El emérito tiene en Emiratos la garantía de que su fortuna seguirá opaca, bien tratada y bien vigilada por sus amigos, los emires violadores de derechos humanos y libertades. Da igual el dinero que tenga, si son los 1.790 millones de euros que le otorgó la extinta revista Eurobusiness en 2002, los cerca de 2.000 millones calculados por la revista Forbes en 2003 o los 2.300 millones de dólares estimados en 2012 por The New York Times, todos medios internacionales de contrastada reputación. España no puede hacer nada, nuestras instituciones no han querido hacer nada -al revés, lo protegieron- contra la corrupción real durante cuatro décadas y ahora, aunque quisieran -que lo dudo-, ya están incapacitadas para inmiscuirse en la (no)fiscalidad del Estado offshore que es Emiratos.
El emérito, eso sí, vendrá a dejarnos la caridad de los gastos de sus viajes privados a España, tampoco demasiado, que tiene a suficientes aduladores que le paguen las cuentas de los restaurantes y otros lugares de ocio.
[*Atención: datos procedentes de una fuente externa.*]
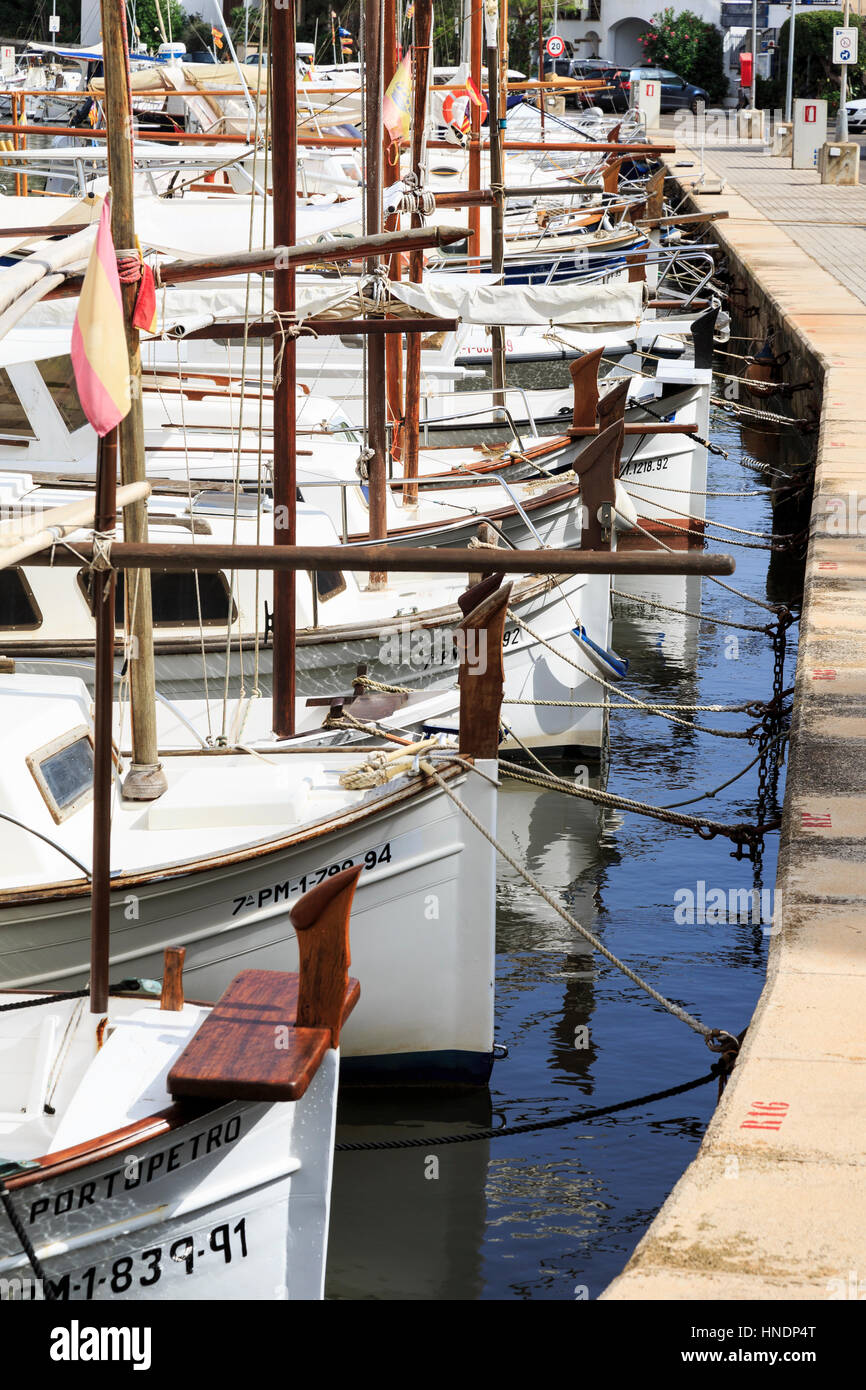 Traditional mallorquin boats at the marina at Portopetro, Mallorca ...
También cuidará a sus hijas y nietos, a su mujer, para que nunca abandonen el altísimo tren de vida que llevan y no ocultan, además, alardeando de un derecho antidemocrático de cosanguinidad. Mientras, clamando en el desierto de Rub al-Jali, algunas exigimos a las instituciones, a los partidos políticos, que además de incorruptibles sean éticos. ¿Quién dijo aquello de Añoro aquella ingenuidad que me hacía feliz?